## TASK DIRECTIONS
Retype the listing exactly; omit pictures.

## DATA EXCERPT
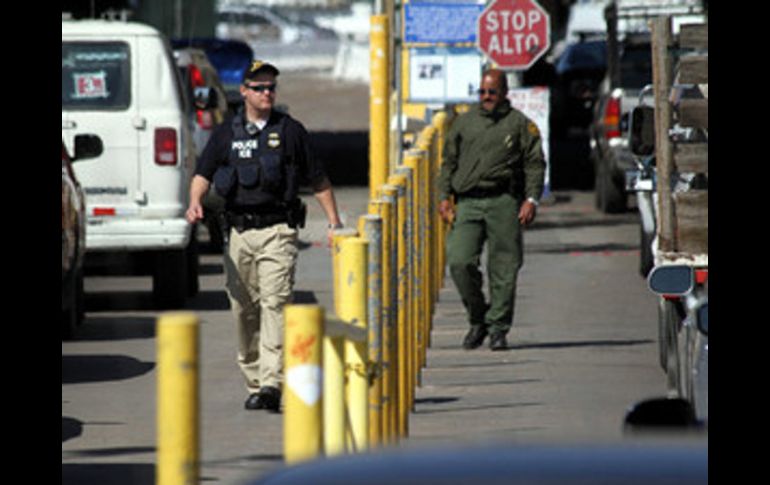 Se intensificaron las revisiones a los automovilista que esparan cruzar la frontera hacia los EU por la Garita de Tijuana-San Ysidro.  /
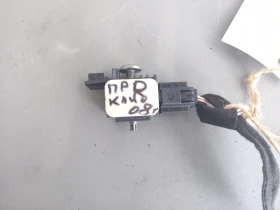 Краш сензор преден десен Рено Клио 1.6Б (з)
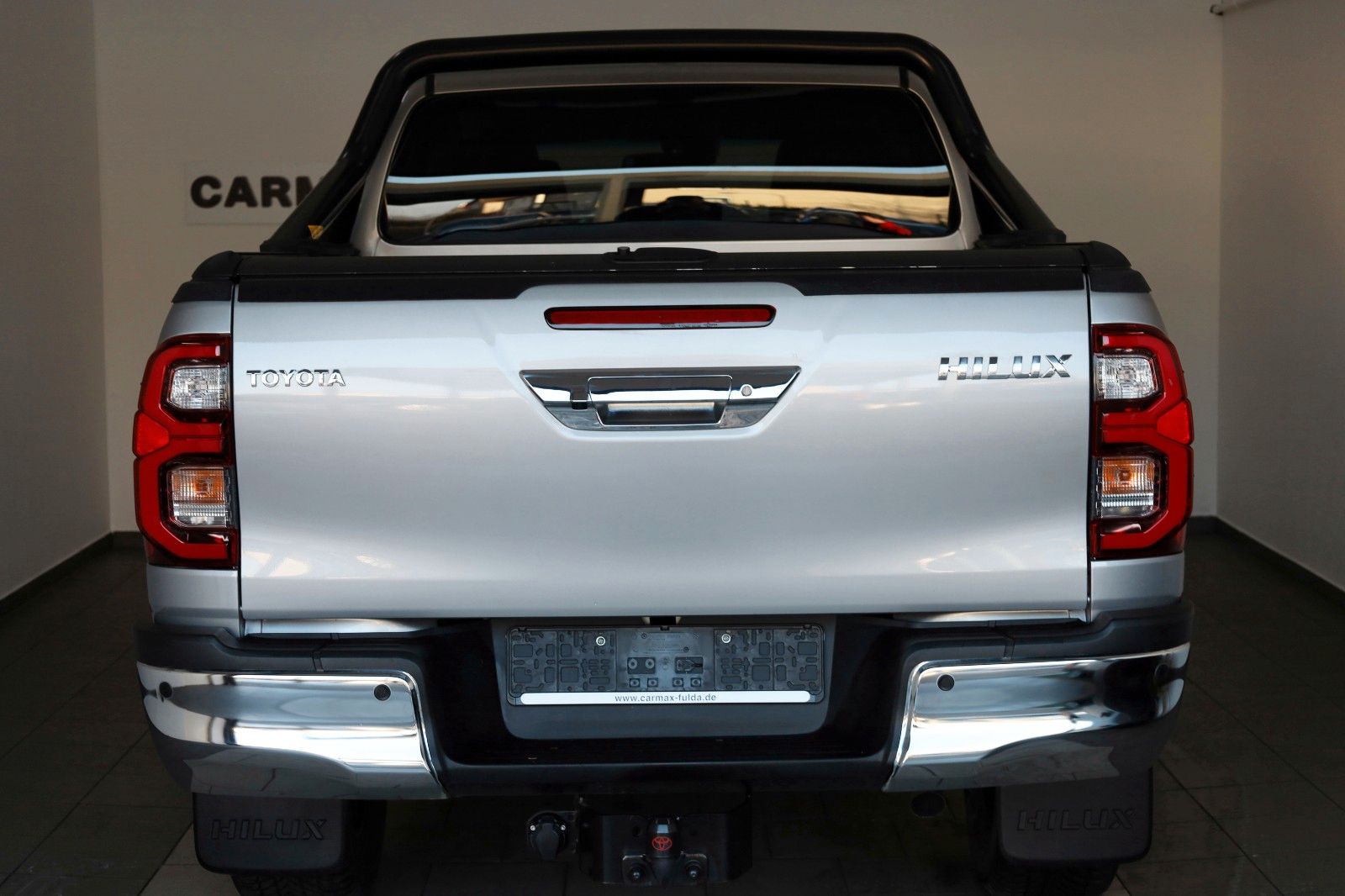 Fahrzeugabbildung Toyota Hilux 2.8 Executive,Navi,LED,Rollo,Rollbügel,AHK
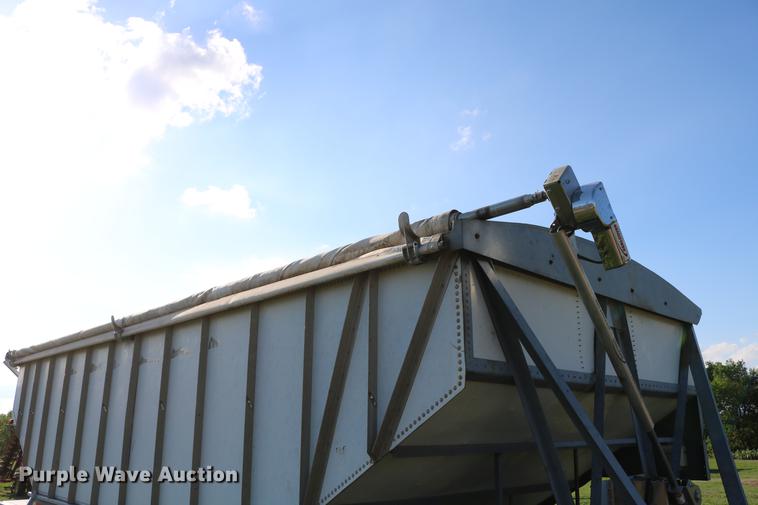 image for item DD8789 1979 Doonan single hopper bottom grain trailer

## TASK OUTPUT
 Se intensificaron las revisiones a los automovilista que esparan cruzar la frontera hacia los EU por la Garita de Tijuana-San Ysidro.  /
 Краш сензор преден десен Рено Клио 1.6Б (з)
 Fahrzeugabbildung Toyota Hilux 2.8 Executive,Navi,LED,Rollo,Rollbügel,AHK
 image for item DD8789 1979 Doonan single hopper bottom grain trailer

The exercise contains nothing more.